2025/02/22

CLARION クラリオン HR-2000A 蓄音機型AM/FMラジオ

 

CLARION クラリオン HR-2000A 蓄音機型AM/FMラジオの紹介です。1988年発売で5000台限定の製品になります。本体とアンテナ線だけでプレートや元箱などはありませんでした。ラッパはネジで固定されていて見栄えだけです。音は本体前面のスピーカーからです。

 金色のドラムがダイヤル目盛りで右のハンドルでチューニングする凝った作りです。

電源はAC100Vだけです。電池でもラジオが聞けたら便利だったのにと思います。裏面にアンテナ端子がでています。

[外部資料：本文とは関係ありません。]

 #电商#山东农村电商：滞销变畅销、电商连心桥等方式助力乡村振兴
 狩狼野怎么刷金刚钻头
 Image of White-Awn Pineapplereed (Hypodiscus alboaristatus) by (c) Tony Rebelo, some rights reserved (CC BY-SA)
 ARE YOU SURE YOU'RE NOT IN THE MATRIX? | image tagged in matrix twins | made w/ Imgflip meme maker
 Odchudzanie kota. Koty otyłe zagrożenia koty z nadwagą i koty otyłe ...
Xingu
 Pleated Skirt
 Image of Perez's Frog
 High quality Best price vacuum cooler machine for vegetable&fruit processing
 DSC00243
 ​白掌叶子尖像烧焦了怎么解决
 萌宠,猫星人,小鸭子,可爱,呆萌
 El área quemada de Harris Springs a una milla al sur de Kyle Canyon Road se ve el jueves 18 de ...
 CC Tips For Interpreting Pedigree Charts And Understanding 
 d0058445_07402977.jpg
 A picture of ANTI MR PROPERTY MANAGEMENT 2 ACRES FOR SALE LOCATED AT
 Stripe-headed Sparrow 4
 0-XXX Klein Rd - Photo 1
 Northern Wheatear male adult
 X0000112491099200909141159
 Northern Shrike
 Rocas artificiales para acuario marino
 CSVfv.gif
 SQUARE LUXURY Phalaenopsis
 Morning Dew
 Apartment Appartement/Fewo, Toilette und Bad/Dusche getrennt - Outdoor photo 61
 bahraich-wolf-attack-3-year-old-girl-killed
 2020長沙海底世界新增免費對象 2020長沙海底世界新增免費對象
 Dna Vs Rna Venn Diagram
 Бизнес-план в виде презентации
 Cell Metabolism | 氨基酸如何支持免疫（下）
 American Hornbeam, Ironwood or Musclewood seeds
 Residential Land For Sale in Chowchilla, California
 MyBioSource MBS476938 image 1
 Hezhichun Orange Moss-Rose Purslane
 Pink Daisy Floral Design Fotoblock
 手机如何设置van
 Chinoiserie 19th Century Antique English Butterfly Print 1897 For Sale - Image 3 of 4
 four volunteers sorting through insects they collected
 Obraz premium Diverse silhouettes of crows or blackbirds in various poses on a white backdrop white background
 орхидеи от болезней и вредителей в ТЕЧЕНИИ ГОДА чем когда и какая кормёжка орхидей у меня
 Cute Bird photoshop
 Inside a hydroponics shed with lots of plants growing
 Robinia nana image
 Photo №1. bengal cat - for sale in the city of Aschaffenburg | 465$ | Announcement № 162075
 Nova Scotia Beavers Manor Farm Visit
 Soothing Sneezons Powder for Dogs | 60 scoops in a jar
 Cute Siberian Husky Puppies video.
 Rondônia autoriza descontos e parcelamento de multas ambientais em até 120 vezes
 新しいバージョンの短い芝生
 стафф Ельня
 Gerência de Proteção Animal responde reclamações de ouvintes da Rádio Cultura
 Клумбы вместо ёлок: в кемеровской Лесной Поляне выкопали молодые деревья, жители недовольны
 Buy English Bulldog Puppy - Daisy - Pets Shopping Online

外観はきれいですがジャンク品でラジオが鳴りません。早速、修理をします。本体を持ち上げると底板がブラブラして今にも外れそうです。底板のネジが4本が外れています。修理のため開けたのでしょう。底板を外すとプリント基板のアンテナが取り付けてあるのが見えます。上の写真のようにスピーカーと本体基板を取り外せば修理できるようになります。

 
上の図は、本体基板の主要部品の動きを把握するため配置図です。これだけの内容がわかれば、おおよその故障個所は特定できるようになります。
 
 
LA1260はAM/FMチューナーシステムICです。このラジオではAM部分のみ使用しています。
C575C2はパワーアンプICで8Ω/2Wの性能です。
 1B4B41はブリッジ整流器で100V/1Aの性能です。
 
LA1185はFMフロントエンドICです。FMに重点を置いているのかLA1260を使用せずに、このICで回路を組んでいます。
動作確認をします。電源ONにしてもスピーカーからは無音で全く反応がありません。試験用電源装置の電流計を見ても全く振れず通電していません。ACコンセント、電源トランスの順に通電確認します。ACコード両端で通電はないのですが、プリント基板上では通電しています。現象が不可解で故障個所が特定できません。電源トランスを取り外して切り分けることにします。
電源トランスのハンダを取り外し中にプリントパターン切断を発見しました。AC100V入力部分のプリントパターン断です。ラジオ本体を落としたりしたのでしょうか?珍しい故障です。断線箇所はジャンパー線で修理します。電源ONにするとスピーカーからノイズが出るようになり通電出来たようです。ラジオの試験ではAMは受信NG、FMは受信OKです。
 
AMが受信NGの原因はアンテナバーの赤いリード線の断線です。これを修理してAMも受信OKになりました。劣化部品は全て交換します。 最後に受信感度を調整します。
ダイヤル目盛りとポリバリコンの位置が合わずダイヤル目盛りがどうしてもズレます。ダイヤル目盛りの歯車を外して物理的に調整します。0.9mmの極細六角ドライバーで取り外しダイヤル目盛りの受信周波数を合わせます。
 
スピーカー、プリント基板、底板を全て元に戻して完成です。このラジオは劣化部品は全て交換したので永く使えるとおもいます。実質2~3時間の作業で息抜きにはちょうど良いラジオ修理でした。